Salt Lake City Homelessness presser, Nov. 30, 2022
Sean Higgins
From left to right: Salt Lake County Sheriff Rosie Rivera, Salt Lake City Police Chief Mike Brown, State Homeless Services Coordinator Wayne Niederhauser, Salt Lake City Mayor Erin Mendenhall, Salt Lake County District Attorney Sim Gill and Salt Lake County Deputy Mayor Erin Litvack address the media at the Salt Lake Chamber offices in Salt Lake City, Nov. 30, 2022.

State and local law enforcement and political leaders are exploring better ways to handle the issues of chronic homelessness and mental health in Utah.

The group, including Utah State Homelessness Services Coordinator Wayne Niederhauser, Salt Lake City Mayor Erin Mendenhall, Salt Lake County District Attorney Sim Gill, and other law enforcement officials and homelessness advocates, gave a public update on their findings on Nov. 30 at the offices of the Salt Lake Chamber.

Their research took them to Miami-Dade County in Florida.
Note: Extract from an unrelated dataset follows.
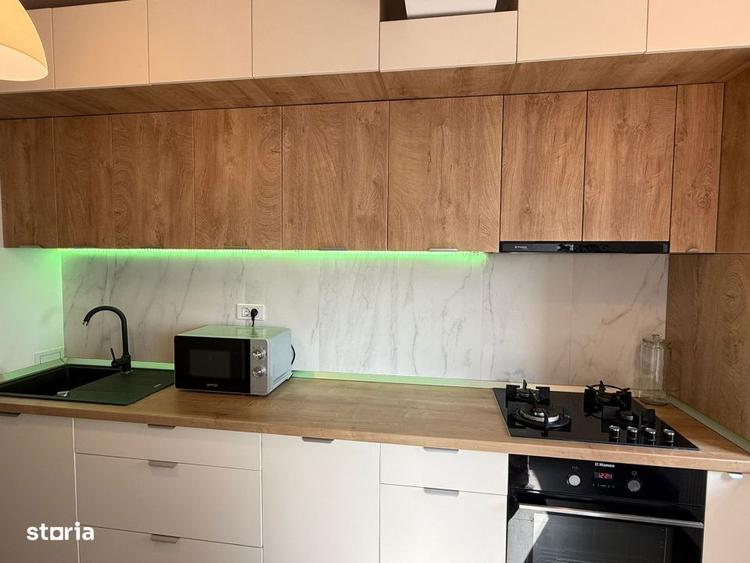 Apartament cu 3 camere decomandat, mobilat în Apărătorii Patriei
For some on the trip, it’s clear Utah needs a new approach.

“Unfortunately, we have looked to the criminal justice system to be our crisis managers,” said Salt Lake County District Attorney Sim Gill. “And what we have learned is that we will never be able to arrest our way out of this situation. What we've learned is that this criminal justice response is the wrong response in terms of systemic long-term gains that we want to make.”

The Miami-Dade Criminal Mental Health Project was spearheaded by county Judge Steve Leifman in 2000. The project seeks to reform how people with mental health issues are treated in the criminal justice system by using community-based treatment and support services as opposed to criminal prosecution.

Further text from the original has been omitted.